Wiadomość, że Niemcy mogą dopuścić do służby w Bundeswehrze obywateli państw unijnych wywołała żywe zainteresowanie i jednocześnie troskę o stan niemieckich sił zbrojnych. Generalny inspektor Bundeswehry pospieszył w związku z tym z wyjaśnieniem, że chodzi o zatrudnienie w niej lekarzy i specjalistów z branży IT, a nie o służbę z bronią w ręku.
Czytaj także: Były wojskowy z prawem do dwóch odpraw
Sam pomysł nie jest nowy, ponieważ minister obrony Ursula von der Leyen wysunęła go już w 2017 roku w Białej Księdze nt. polityki bezpieczeństwa i przyszłości armii, podając go jako przykładowy sposób na rozszerzenie grona kandydatów do pracy w szeregach niemieckich sił zbrojnych. W innych krajach świata cudzoziemcy mogą służyć w ich wojsku już od dłuższego czasu na podobnych, w gruncie rzeczy, zasadach. Oto garść przykładów.
Państwa UE
Mniejsze państwa członkowskie UE rekrutują swoich żołnierzy z innych krajów unijnych. Od 2004 roku obywatele UE w wieku od 18 do 34 lat mogą służyć w armii belgijskiej. Obcych rekrutów akceptuje także Dania, o ile są już w niej mieszkają i mówią po duńsku.

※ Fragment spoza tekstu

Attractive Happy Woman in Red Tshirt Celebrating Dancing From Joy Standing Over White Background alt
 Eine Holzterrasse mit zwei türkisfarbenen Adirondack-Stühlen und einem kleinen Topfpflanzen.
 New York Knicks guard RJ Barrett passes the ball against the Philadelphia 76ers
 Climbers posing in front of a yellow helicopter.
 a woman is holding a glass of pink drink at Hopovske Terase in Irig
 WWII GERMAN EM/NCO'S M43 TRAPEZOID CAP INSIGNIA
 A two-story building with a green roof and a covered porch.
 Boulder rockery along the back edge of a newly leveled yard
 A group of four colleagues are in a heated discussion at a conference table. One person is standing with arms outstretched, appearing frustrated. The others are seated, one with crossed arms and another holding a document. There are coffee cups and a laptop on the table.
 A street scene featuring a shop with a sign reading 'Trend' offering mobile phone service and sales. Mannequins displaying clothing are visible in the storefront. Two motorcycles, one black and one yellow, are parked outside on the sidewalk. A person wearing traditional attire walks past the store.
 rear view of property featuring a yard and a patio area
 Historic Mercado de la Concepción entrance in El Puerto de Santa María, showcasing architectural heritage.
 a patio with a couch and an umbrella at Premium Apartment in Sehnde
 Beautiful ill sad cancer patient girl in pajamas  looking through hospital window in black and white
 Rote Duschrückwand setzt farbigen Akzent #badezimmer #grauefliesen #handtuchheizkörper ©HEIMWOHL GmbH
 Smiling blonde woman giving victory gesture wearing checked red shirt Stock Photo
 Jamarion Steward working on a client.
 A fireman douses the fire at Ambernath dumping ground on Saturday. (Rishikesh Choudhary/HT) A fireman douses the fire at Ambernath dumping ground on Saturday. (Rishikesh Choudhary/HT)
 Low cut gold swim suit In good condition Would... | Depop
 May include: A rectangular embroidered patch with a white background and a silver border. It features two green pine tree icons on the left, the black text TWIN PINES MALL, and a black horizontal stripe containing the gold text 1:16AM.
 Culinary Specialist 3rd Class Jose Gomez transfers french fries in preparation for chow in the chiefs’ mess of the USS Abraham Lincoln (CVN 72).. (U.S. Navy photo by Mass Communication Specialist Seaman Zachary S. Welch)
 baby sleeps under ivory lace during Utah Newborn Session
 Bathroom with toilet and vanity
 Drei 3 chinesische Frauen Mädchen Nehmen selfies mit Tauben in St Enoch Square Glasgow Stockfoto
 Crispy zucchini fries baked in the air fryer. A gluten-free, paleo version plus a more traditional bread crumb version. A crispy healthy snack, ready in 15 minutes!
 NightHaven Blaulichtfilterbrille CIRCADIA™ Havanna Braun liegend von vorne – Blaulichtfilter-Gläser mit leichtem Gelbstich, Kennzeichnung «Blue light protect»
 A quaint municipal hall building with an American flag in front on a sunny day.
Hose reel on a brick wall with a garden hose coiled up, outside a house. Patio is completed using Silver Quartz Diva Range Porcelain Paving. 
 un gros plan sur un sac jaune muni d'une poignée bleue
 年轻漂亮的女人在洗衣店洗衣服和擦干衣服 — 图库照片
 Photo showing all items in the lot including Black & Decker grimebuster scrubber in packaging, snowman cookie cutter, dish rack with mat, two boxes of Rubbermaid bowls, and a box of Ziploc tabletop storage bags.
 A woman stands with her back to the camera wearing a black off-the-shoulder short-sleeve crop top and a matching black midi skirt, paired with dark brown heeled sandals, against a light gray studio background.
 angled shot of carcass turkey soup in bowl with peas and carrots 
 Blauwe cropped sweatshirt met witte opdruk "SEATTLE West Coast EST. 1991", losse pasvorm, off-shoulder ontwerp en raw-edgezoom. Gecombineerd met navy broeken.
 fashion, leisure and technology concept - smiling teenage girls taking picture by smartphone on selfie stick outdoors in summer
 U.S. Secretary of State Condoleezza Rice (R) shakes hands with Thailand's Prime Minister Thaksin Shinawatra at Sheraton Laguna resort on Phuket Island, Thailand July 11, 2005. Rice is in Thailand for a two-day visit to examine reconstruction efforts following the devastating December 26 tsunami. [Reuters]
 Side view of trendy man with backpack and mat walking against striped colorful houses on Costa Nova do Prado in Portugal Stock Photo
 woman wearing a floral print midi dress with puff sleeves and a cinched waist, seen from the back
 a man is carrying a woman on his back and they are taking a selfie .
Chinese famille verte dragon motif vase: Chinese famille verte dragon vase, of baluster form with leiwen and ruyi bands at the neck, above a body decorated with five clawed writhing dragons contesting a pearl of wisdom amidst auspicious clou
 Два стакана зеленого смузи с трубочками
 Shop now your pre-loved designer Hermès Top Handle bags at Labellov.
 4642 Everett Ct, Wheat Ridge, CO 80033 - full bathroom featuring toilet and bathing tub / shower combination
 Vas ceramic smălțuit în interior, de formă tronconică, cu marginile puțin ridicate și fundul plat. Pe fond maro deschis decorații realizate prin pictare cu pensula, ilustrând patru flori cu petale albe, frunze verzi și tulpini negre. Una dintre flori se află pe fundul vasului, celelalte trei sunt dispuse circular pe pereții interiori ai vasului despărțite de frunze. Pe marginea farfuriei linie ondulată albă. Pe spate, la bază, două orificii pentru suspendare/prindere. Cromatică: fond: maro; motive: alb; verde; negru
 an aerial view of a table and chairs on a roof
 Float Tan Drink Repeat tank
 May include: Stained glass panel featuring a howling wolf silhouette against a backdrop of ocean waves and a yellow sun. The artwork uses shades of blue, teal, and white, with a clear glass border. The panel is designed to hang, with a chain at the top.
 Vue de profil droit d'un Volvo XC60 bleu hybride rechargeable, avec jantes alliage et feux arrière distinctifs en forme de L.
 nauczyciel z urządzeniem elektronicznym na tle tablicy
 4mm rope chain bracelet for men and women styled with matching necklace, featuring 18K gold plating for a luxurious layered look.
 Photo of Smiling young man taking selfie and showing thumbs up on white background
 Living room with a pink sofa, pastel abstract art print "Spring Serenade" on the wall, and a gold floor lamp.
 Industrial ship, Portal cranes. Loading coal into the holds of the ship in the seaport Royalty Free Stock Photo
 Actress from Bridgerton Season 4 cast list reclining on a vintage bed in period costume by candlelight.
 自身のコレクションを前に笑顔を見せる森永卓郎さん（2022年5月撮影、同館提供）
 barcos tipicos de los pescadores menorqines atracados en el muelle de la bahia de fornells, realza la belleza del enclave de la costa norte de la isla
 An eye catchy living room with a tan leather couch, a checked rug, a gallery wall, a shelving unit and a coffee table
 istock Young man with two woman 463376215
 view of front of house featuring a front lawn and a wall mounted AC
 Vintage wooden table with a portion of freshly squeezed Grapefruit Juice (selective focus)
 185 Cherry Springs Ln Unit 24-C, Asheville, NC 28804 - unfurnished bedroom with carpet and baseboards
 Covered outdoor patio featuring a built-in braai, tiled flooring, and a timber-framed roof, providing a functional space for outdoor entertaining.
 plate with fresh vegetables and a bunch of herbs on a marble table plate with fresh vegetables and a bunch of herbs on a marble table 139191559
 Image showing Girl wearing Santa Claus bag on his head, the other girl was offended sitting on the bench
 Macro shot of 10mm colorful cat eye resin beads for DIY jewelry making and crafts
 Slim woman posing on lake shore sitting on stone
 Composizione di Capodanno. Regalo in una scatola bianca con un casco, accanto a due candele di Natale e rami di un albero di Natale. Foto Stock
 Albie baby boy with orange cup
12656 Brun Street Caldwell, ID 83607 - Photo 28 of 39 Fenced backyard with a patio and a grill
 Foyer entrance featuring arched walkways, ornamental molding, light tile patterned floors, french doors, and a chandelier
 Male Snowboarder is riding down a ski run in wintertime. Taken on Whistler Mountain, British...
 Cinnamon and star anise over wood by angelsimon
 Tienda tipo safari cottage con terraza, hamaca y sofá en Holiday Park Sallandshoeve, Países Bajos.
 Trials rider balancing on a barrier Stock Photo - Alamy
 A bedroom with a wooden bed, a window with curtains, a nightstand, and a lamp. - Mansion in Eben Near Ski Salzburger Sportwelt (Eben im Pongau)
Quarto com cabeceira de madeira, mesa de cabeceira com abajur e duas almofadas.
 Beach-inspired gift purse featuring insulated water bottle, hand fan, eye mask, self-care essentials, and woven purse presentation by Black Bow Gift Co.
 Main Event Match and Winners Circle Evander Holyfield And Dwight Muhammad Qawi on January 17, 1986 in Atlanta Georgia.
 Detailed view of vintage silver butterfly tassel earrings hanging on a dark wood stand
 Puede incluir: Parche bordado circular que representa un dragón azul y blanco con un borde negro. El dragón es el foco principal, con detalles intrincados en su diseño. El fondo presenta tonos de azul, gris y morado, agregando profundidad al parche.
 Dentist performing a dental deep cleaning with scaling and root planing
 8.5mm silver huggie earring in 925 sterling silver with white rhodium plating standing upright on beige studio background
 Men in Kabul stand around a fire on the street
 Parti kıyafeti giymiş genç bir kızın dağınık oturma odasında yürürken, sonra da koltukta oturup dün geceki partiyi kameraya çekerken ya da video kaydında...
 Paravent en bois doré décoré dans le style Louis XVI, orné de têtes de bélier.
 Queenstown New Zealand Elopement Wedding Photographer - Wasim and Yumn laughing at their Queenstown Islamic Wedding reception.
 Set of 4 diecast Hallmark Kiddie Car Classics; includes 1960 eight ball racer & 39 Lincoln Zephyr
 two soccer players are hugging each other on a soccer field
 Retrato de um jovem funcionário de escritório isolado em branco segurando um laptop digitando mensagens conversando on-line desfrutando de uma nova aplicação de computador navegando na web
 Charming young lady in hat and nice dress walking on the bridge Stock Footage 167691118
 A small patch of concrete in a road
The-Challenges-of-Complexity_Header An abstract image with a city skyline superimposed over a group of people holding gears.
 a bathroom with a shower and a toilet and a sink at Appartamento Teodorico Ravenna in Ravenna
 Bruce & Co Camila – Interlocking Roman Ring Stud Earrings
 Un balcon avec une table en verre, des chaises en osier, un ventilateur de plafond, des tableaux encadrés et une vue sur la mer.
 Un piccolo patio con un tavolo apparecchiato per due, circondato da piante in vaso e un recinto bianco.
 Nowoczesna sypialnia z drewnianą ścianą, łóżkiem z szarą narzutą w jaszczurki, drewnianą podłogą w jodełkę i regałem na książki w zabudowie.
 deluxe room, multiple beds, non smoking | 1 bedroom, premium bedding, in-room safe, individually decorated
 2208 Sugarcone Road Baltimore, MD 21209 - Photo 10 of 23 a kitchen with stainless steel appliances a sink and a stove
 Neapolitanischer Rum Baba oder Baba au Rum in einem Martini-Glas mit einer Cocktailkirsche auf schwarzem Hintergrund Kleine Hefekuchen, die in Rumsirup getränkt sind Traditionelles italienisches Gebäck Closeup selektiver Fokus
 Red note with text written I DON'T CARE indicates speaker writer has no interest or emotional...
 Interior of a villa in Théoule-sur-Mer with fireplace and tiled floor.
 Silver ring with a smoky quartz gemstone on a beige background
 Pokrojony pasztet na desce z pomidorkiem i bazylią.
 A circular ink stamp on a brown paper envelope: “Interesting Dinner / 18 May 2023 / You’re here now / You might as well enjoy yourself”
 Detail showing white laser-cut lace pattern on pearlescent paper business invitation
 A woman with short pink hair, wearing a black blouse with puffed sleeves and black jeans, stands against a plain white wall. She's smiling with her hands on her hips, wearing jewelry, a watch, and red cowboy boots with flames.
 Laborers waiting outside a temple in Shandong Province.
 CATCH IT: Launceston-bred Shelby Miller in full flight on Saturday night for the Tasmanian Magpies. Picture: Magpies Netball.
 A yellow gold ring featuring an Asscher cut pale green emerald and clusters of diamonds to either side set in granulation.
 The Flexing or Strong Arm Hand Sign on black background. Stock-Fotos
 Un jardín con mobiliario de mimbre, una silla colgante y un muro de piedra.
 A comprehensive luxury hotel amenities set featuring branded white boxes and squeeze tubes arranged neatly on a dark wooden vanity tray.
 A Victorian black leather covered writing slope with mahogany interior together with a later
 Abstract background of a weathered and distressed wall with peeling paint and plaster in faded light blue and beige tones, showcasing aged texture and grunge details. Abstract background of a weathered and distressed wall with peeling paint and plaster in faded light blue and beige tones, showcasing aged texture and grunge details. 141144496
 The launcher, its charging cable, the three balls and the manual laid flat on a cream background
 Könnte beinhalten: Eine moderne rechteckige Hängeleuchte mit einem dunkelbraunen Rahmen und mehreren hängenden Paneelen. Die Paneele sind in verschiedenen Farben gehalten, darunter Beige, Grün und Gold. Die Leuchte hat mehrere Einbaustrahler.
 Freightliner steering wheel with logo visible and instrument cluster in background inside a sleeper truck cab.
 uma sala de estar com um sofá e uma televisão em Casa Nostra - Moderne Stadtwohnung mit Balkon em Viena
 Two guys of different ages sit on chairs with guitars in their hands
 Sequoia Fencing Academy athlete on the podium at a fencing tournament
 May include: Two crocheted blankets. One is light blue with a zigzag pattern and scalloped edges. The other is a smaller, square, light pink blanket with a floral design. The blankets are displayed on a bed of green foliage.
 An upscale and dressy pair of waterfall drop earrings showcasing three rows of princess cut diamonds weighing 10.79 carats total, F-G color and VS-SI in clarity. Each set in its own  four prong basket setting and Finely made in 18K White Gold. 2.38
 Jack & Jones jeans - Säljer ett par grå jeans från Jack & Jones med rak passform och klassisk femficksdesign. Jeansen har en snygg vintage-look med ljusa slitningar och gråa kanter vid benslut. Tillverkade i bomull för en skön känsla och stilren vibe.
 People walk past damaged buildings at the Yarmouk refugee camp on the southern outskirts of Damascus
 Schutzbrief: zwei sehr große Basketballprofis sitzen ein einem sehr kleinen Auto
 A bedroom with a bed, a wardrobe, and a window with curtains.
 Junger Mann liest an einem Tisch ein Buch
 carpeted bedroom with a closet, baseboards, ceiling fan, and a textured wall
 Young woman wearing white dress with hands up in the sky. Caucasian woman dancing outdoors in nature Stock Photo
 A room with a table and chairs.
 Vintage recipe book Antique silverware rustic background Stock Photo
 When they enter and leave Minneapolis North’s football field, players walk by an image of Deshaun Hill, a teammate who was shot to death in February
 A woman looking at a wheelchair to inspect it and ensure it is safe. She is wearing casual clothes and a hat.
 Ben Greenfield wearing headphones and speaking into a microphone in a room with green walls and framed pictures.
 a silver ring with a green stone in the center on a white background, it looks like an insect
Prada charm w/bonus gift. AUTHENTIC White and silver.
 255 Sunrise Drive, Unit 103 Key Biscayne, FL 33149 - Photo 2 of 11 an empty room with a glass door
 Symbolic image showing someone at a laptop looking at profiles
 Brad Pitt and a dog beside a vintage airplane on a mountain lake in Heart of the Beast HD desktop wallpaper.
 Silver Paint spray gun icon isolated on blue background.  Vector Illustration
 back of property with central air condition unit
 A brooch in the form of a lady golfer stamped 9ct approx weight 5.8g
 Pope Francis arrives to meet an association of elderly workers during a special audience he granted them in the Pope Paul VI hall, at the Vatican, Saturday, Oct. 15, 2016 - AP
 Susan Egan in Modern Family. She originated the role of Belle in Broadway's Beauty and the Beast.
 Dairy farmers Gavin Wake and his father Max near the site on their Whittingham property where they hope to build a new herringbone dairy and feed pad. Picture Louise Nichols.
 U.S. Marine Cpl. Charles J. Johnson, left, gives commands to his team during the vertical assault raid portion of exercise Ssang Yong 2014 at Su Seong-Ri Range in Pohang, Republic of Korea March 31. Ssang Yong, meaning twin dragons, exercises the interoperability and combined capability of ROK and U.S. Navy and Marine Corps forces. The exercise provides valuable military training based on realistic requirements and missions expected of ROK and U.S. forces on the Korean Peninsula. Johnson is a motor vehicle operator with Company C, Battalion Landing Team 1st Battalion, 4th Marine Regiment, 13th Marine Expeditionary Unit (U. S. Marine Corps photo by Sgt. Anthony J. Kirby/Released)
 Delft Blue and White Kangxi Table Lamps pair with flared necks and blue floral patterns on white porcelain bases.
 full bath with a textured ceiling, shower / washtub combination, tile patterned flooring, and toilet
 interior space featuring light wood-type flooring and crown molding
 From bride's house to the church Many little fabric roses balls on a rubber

W armii luksemburskiej mogą służyć obywatele z innych państw UE, jeśli mieszkają w Luksemburgu przez trzy lata i mają od 18 do 24 lat.
W Irlandii mogą służyć obywatele z europejskiego obszaru gospodarczego, czyli z państw unijnych oraz z Liechtensteinu, Islandii i Norwegii. Do irlandzkiej armii mogą wstąpić także obywatele z innych państw pod warunkiem, że mieszkają w Irlandii już od trzech lat.